Mais, dans Doon de La Roche — c’est toujours la rédaction N que nous avons spécialement en vue — ce thème de la femme calomniée ne forme que le début du récit ; le reste de l’histoire appartient à un autre thème, qu’on peut désigner comme celui de « la femme persécutée, maltraitée pendant des années, finalement délivrée et vengée par son enfant [ou ses enfants] ». En effet, dans N, nous voyons Olive enfermée pendant des années dans une prison effroyable, avec un pain grossier et une cruche d’eau pour toute nourriture ; c’est son fils Landri, devenu grand, qui l’en tire et qui la venge en châtiant les traîtres qui la persécutaient. — Dans la version de F, il n’est pas question de prison : Olive est réduite à une position humiliée et précaire ; elle perd ses droits d’épouse et est réléguée dans une maison située hors de ville, où elle vit dans la misère, avec son jeune enfant, qu’on considère comme bâtard ; pour sa nourriture, on ne lui donne que deux pains par jour (v. 514 et suiv.). Tout cela a l’air d’une version adoucie du récit primitif[1].

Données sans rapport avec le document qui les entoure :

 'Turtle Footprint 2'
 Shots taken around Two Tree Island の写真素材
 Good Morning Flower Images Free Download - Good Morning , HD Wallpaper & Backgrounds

  1. Dans F, aux v. 902 et suiv., Audegour, la seconde épouse de Doon, accuse celui-ci de continuer à entretenir des relations avec sa première femme répudiée : Ainz maintenez a tort dame Olive de France, Chascun jor i gisiez quant il vous atalente. M. Benary considère ce trait d’une sorte de bigamie comme primitif et archaïque (voir p. 365-366 de son mémoire). Mais il faut remarquer, d’abord, que, dans ce vers, ce n’est pas le poète qui parle en son propre nom : il fait parler Audegour en fureur, disant du mal d’une rivale. Ensuite, il faut rapprocher ce propos d’autres passages du poème, où Audegour accuse Olive de vivre en prostituée (v. 915 et suiv., 930-931, 945 et suiv.). De même, Tomile avait essayé de faire croire à Pépin qu’Olive s’abandonnait à tous les hommes qui la désiraient (v. 581 et suiv.). Le véritable sens de l’accusation d’Audegour aux v. 902 et suiv., est, par conséquent, que Doon est un des nombreux amants de sa première femme, devenue une vraie courtisane. Interprétés ainsi, à la lumière d’autres passages de la chanson, les vers qu’invoque M. Benary ne se rapportent plus à une véritable bigamie, et ils perdent le caractère que leur donnait l’explication du savant allemand.